EXERCISE AIM
Give an exact transcription limited to the lines from the one with "collana cuore lucchetto punti multicolore" through the end of the entries, including both; no pictures belong in it.
***
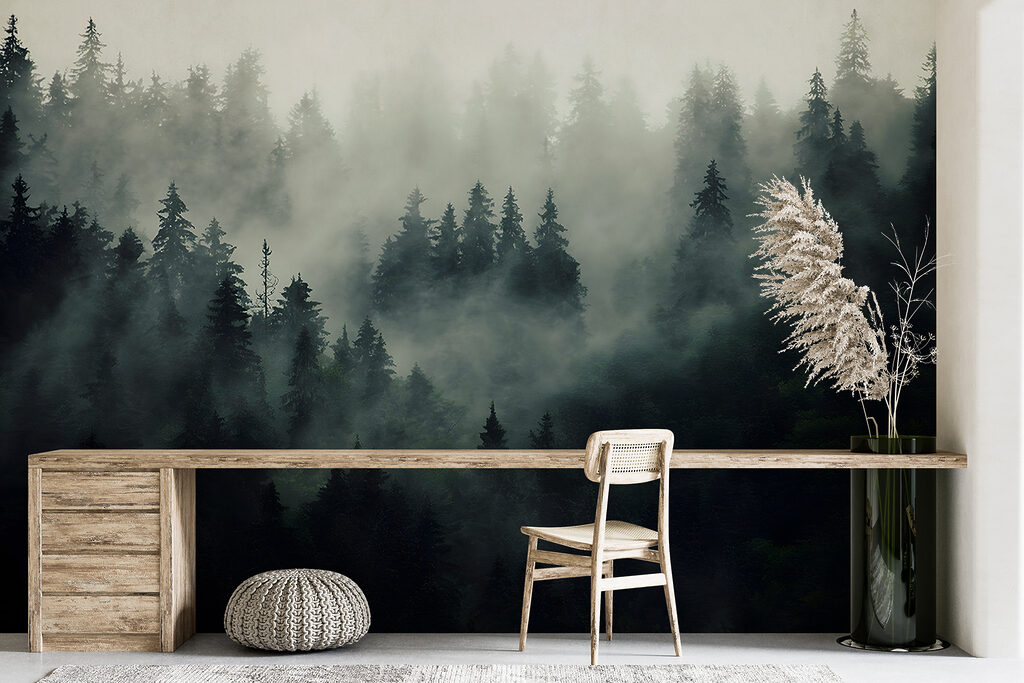 Foggy forest with trees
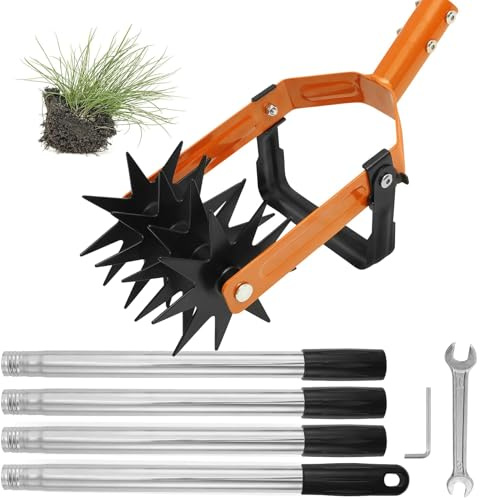 Cordless Electric Garden Tiller, Rotary Cultivator Retractable Long Handle, Rotary Cultivator Tool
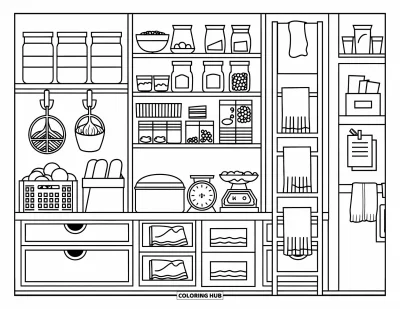 Coloriage de décoration intérieure pour adultes : Étagères de garde-manger avec des bocaux, des paniers, de l'ail et des citrons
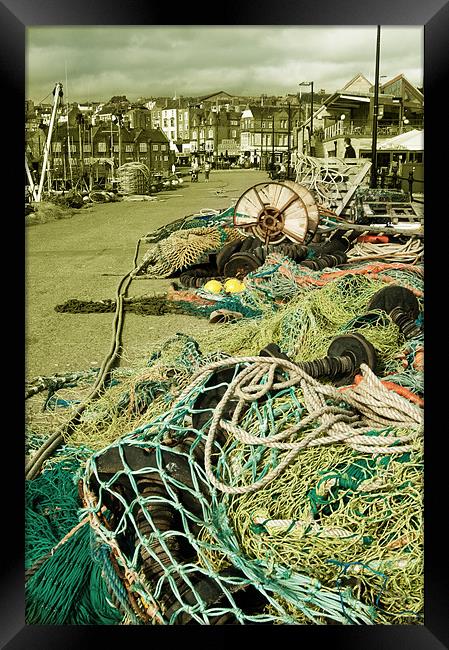 Fishing paraphernalia at Scarborough harbour Framed Print by Rob Hawkins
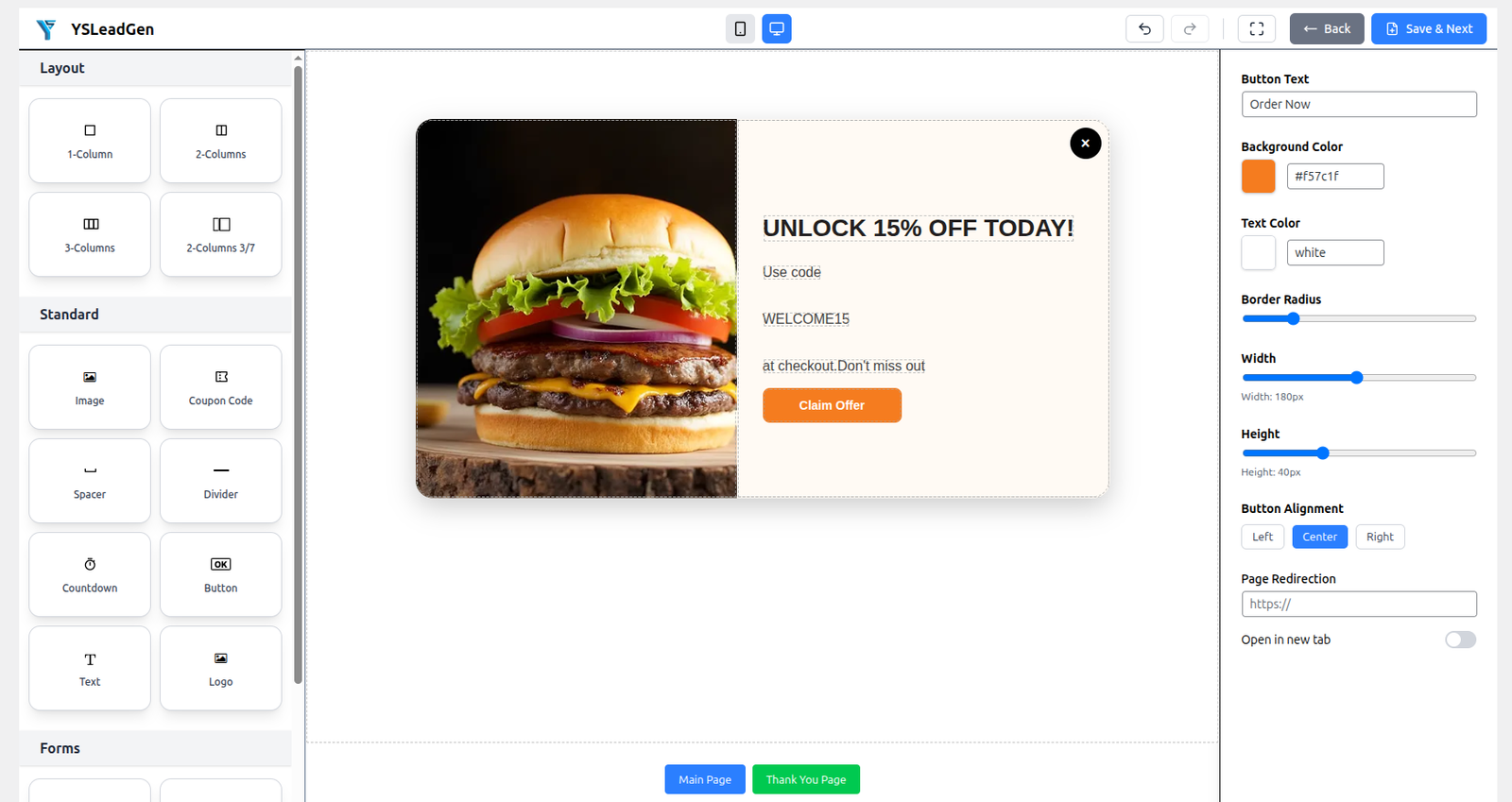 YS LeadGen popup editor displaying a discount offer popup with customization controls for button, colors, and layout.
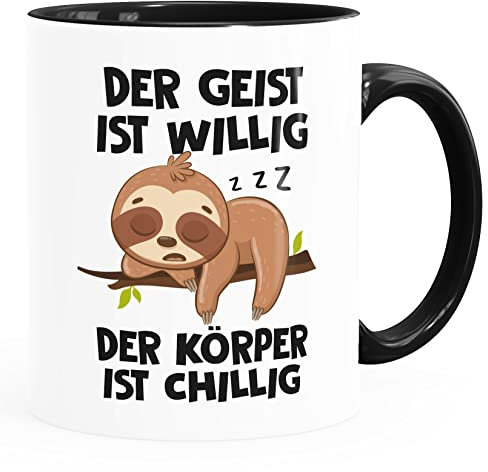 MoonWorks® Kaffee-Tasse mit Spruch Der Geist ist willig Der Körper ist chillig Faultier Bürotasse lustige Kaffeebecher chillig weiß-innen-schwarz standard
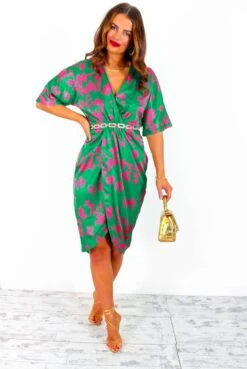 Cocktail OClock - Green Pink Floral Midi Dress -Deals Modashka Store CocktailO Clock GreenPinkFloralMidiDress 2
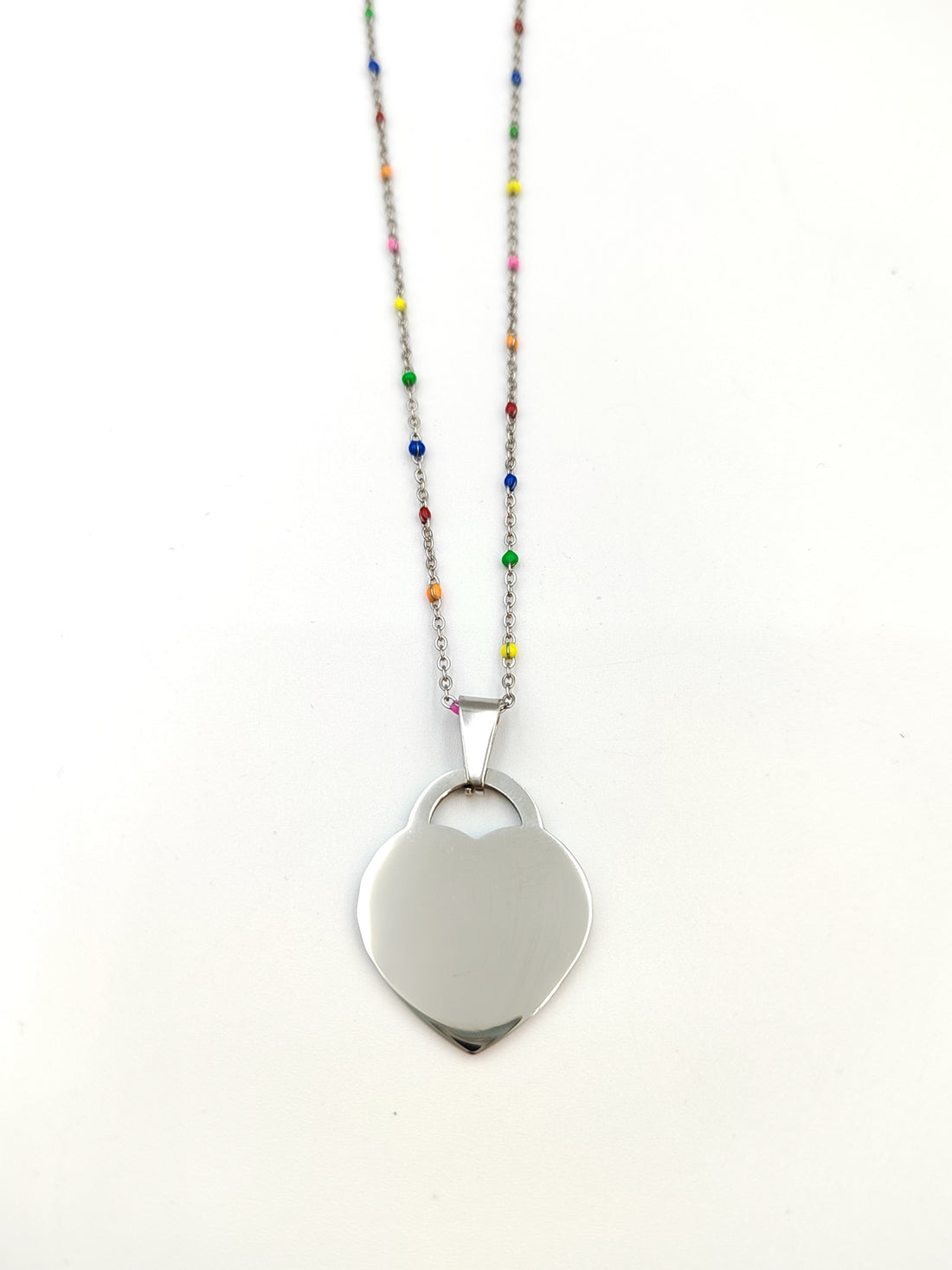 collana cuore lucchetto punti multicolore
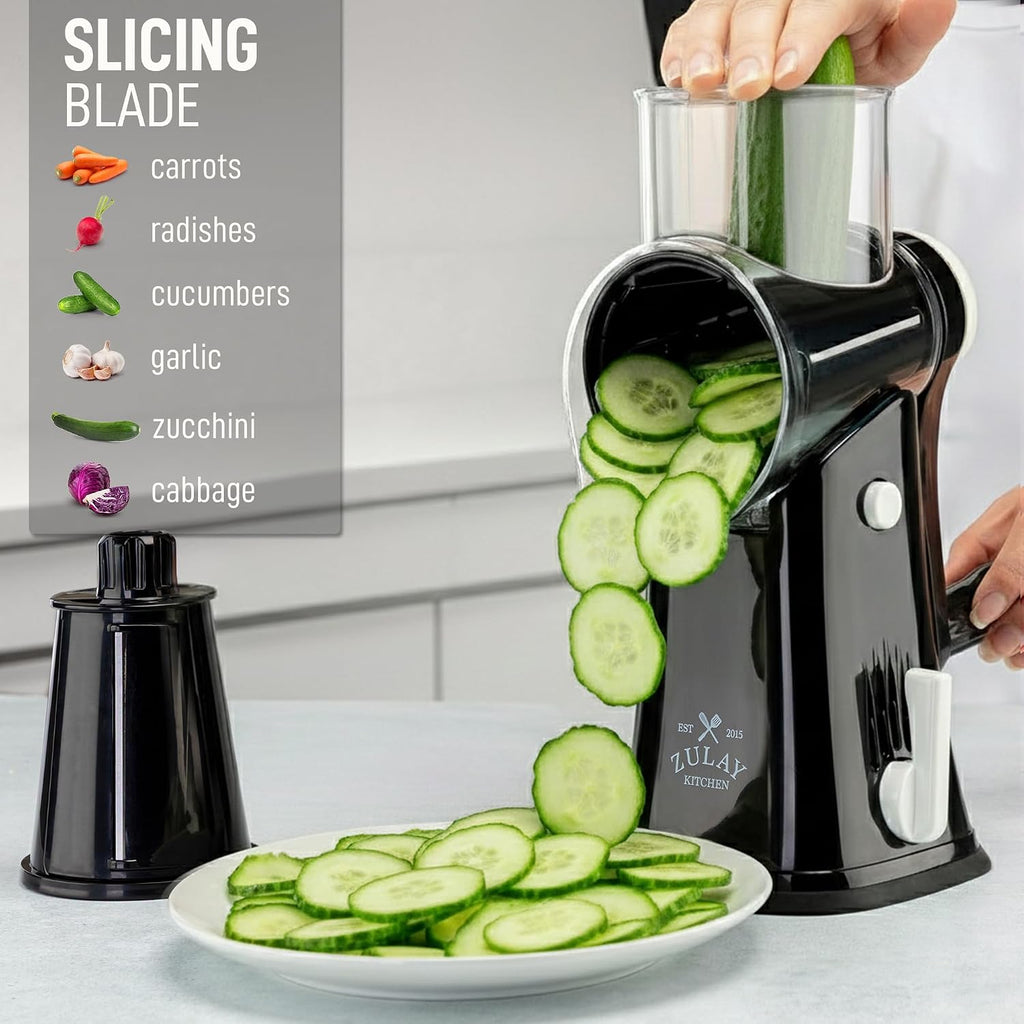 Zulay Kitchen Rotary Cheese Grater 5 Blade Cheese Shredder - Manual Hand Crank Cheese Grater With Reinforced Suction & 5 Interchangeable Drums - Easy To Use, Vegetable Chopper Round Mandoline Slicer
***
REPLY
 collana cuore lucchetto punti multicolore
 Zulay Kitchen Rotary Cheese Grater 5 Blade Cheese Shredder - Manual Hand Crank Cheese Grater With Reinforced Suction & 5 Interchangeable Drums - Easy To Use, Vegetable Chopper Round Mandoline Slicer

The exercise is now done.